Masalah yang kita hadapi (apa pun bentuknya) adalah umpan balik yang paling jujur dan memicu kita untuk mengetahui kualitas jiwa kita yang sesungguhnya. Saat kita hidup di dalam problematika, saat itulah kita diberi kesempatan untuk mengaca diri dengan jujur dan mengetahui kondisi jiwa sebenarnya yang ada dalam ketidakmurnian.
Jika tubuh Anda sedang sakit, itulah umpan balik bahwa ada tindakan yang tidak selaras. Jika hidup kita penuh konflik, terutama dengan orang-orang terdekat dan hanyut ke dalam konflik tersebut sehingga kita menderita, itulah umpan balik yang nyata bahwa kita sedang tidak selaras. Demikian juga dengan karier dan bisnis yang tidak jelas sehingga Anda merasa hidup susah, itulah indikasi nyata bahwa jiwa ada dalam ketidakselarasan.
Kualitas jiwa terproyeksikan dalam kehidupan yang nyata. Anda yang punya masalah, fokusnya adalah mendapatkan pelajaran atau menangkap pesan yang nyata dari masalah yang datang. Hal itu menunjukkan kekurangan kita ada ‘di mana’ dan langkah perbaikan ‘apa’ yang harus dilakukan.
Belajar berspiritual tidak mengajak kita menjadi curang. Curang maksudnya ingin masalah diri selesai, tetapi kualitas jiwa kita tidak ditransformasi.
Banyak orang yang berdoa dengan curang, “Ya Tuhan, tolonglah aku, biarlah masalahku selesai.”
Curang artinya kita tidak mentransformasi diri. Kita tidak belajar dari apa yang hendak dipesankan dari masalah yang muncul. Yang tidak curang adalah Anda bersedia mengakui ketidakselarasan yang ada di dalam diri dan memperbaikinya dengan sungguh-sungguh. Lalu, sadar penuh bahwa salah satu buah mentransformasi diri adalah terselesaikannya masalah. Ini tentang keberanian mengakui dan hukum Semesta (hukum tarik-menarik dan hukum sebab-akibat).
Masalah yang datang kepada Anda itu sesuai dengan ‘apa’ yang Anda tarik dan sesuai dengan vibrasi Anda. Jika Anda menata vibrasi diri, maka masalah Anda akan terlampaui/terselesaikan sesuai dengan keadilan Semesta. Pada titik inilah saya selalu mengajak Anda semua untuk memurnikan jiwa-raga sepenuhnya.

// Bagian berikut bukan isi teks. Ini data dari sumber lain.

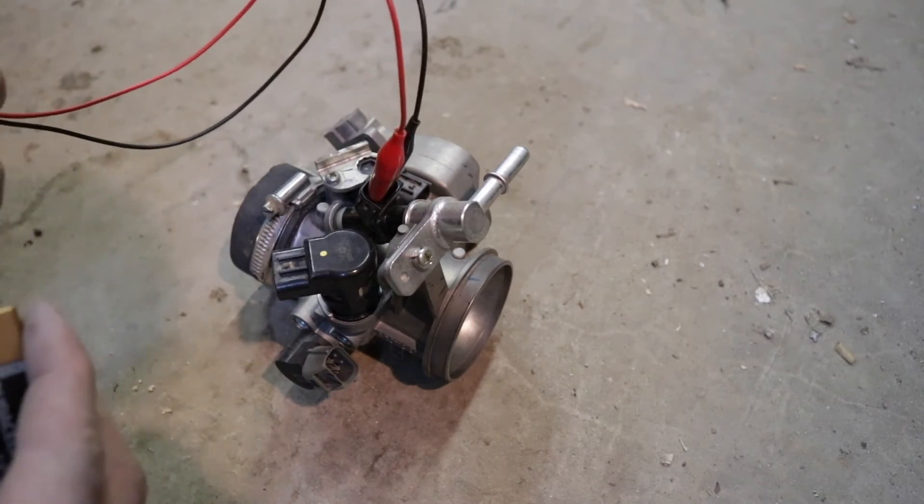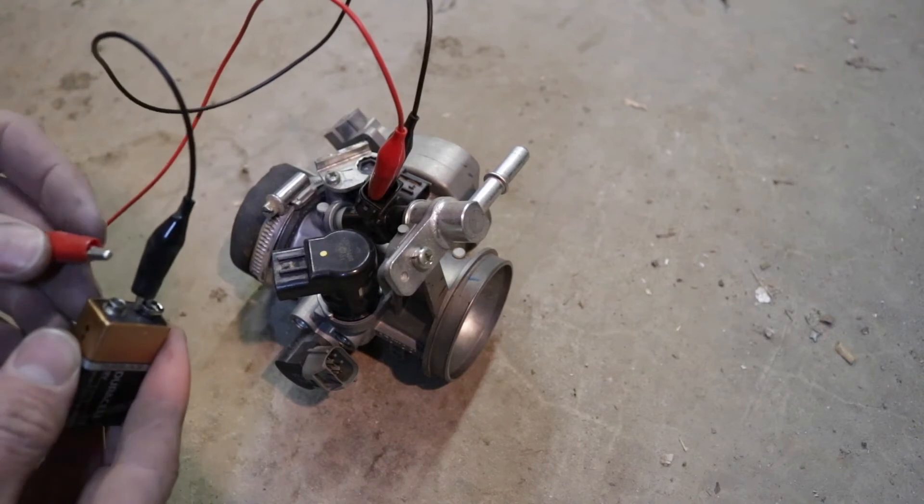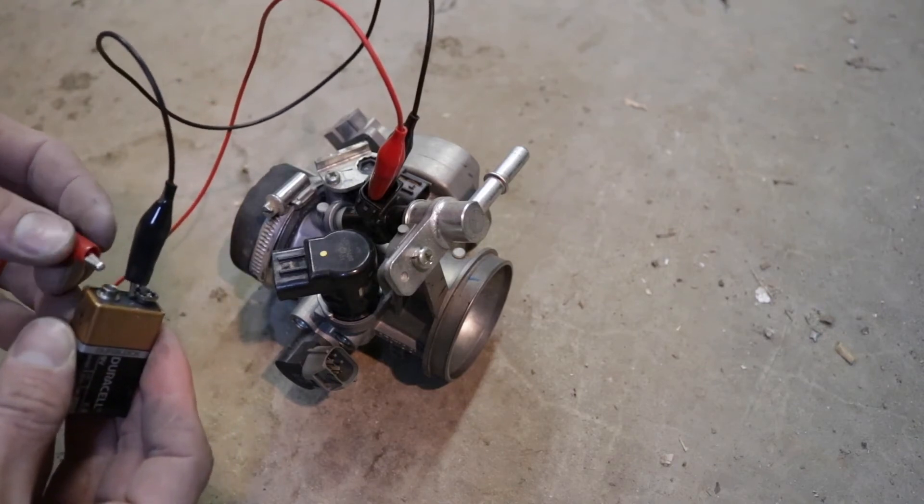That's one of the leads over here, and you can just tap on the other side. You should hear an audible click.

Berkaca diri apakah kita memiliki watak angkara, egoistik, atau luka batin?
Jika Anda masih memiliki watak angkara, baik yang kasar maupun yang halus, segera bereskan. Kita harus berani mengaca diri: Apakah kita masih tergolong orang yang egoistik? Apakah ada keserakahan di dalam diri? Apakah kita orang yang perwira atau pengecut (yang mau enaknya sendiri, yang hanya mementingkan diri sendiri)? Apakah dalam segenap langkah kita ada dalam ketulusan yang paripurna atau tidak? Itu semua harus dibaca dengan jujur.
Baca Juga: Ketidaktulusan dalam Spiritual dan Kehidupan Sehari-hari
Selain watak angkara, yang harus disembuhkan adalah segala luka batin. Yang pernah patah hati, segera disambung. Jangan diingat-ingat terus. Yang merasa dikhianati, segera diselesaikan. Untuk apa Anda kehilangan surga yang nyata karena sesuatu yang telah terjadi di masa silam. Segala luka batin muncul dari ketidaksadaran kita di masa lalu.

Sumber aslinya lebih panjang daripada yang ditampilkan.